宅地8年ぶり下落 福島県内路線価 復興需要が落ち着き、コロナが拍車

 

 仙台国税局は1日、相続税や贈与税の算定基準となる2021(令和3)年1月1日時点の路線価を公表した。福島県内の標準宅地(4477地点)の評価基準額平均変動率は前年比0・1%マイナスとなり、2013(平成25)年以来、8年ぶりにマイナスに転じた。専門家は東日本大震災と東京電力福島第一原発事故に伴う復興関連需要が落ち着いてきたことに加え、新型コロナウイルス感染拡大による経済活動の低迷が影響したと分析している。

 県内の標準宅地の評価基準額の対前年平均変動率は【グラフ】の通り。標準宅地は住宅地、商業地、工業地などの用途に関わらず、建物の敷地となる土地を指す。

 県内10税務署のうち、福島、会津若松、喜多方、相馬、田島の5税務署でマイナスに転じ、特に会津地方で下落が目立った。各税務署の最高路線価の所在地は飲食店などが並ぶ商業地域となっている。県不動産鑑定士協会副会長で国土交通省地価公示県代表幹事の佐藤栄一氏(59)=郡山市、栄鑑定評価代表=は「新型コロナに伴う営業自粛で売り上げが落ち込んだり、閉店した空き店舗の入居がなかったりなど、収益力低下や不動産の需要低迷が影響している」と分析する。
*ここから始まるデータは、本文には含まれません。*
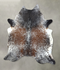 Salt and Pepper Brown X-Large Brazilian Cowhide Rug 7'9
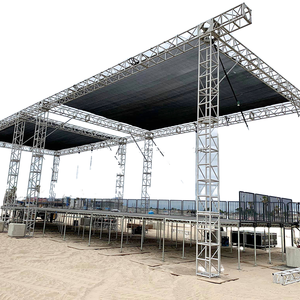 Plataforma de Escenario Portátil de Madera Contrachapada Antideslizante de 4*4 pies, 4*8 pies, Usada en Conciertos/Eventos - Product Image 1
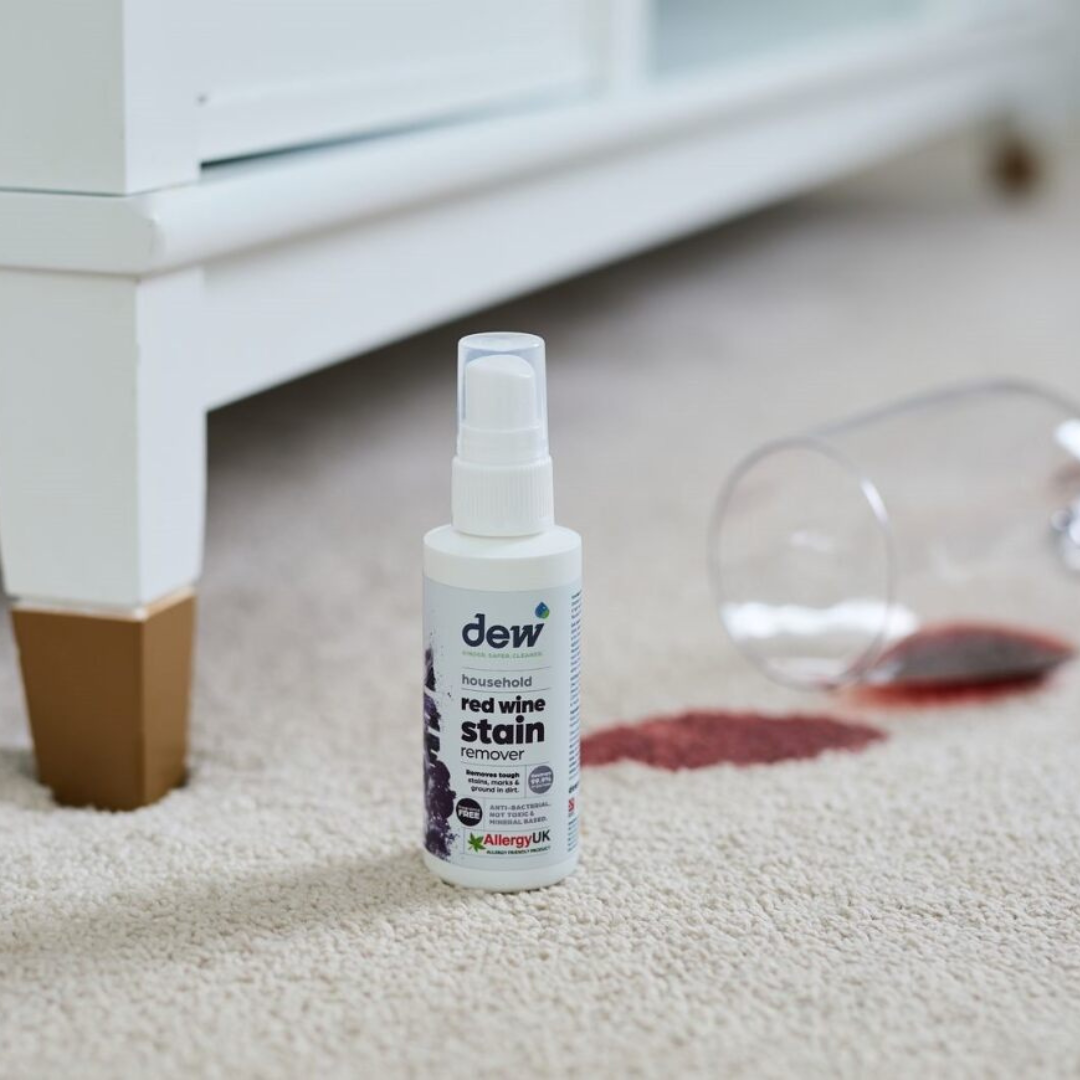Household Red Wine Stain Remover 65ml – Non-Toxic & Allergy UK Certified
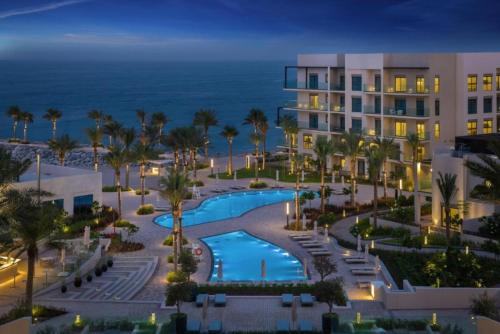 View, Seafront 4BR Apartment with Assistant Room in The Address Fujairah Residences Block B, Fujairah by D in Fujairah Beach View, Seafront 4BR Apartment with Assistant Room in The Address Fujairah Residences Block B, Fujairah by D in Fujairah Beach
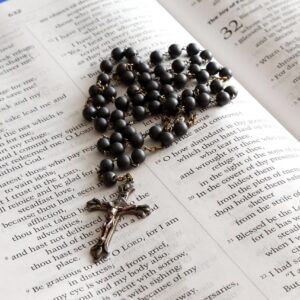 Rosary and Bible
 震災後に急速に進んだ人口減少、消費者の地域外流出による商圏の衰退などに歯止めがかからない中、感染拡大が追い打ちを掛けたとみている。

 福島税務署の最高路線価は2014年以来、7年ぶりに下落した。JR福島駅東口での再開発や福島医大福島駅前キャンパス新設があった一方、中合福島店の閉店、新型コロナの感染拡大に伴う飲食店の収益力の低下などが大きく響いたとみられるという。

 佐藤氏は今後の見通しについて「人口減少や新型コロナなどマイナス要因はあるが、超低金利の継続などで不動産市場は大きく崩れるには至っていない」とし、「新型コロナのワクチン接種が進めば、経済活動が活発になり土地の価格も回復する可能性があるのではないか」と分析している。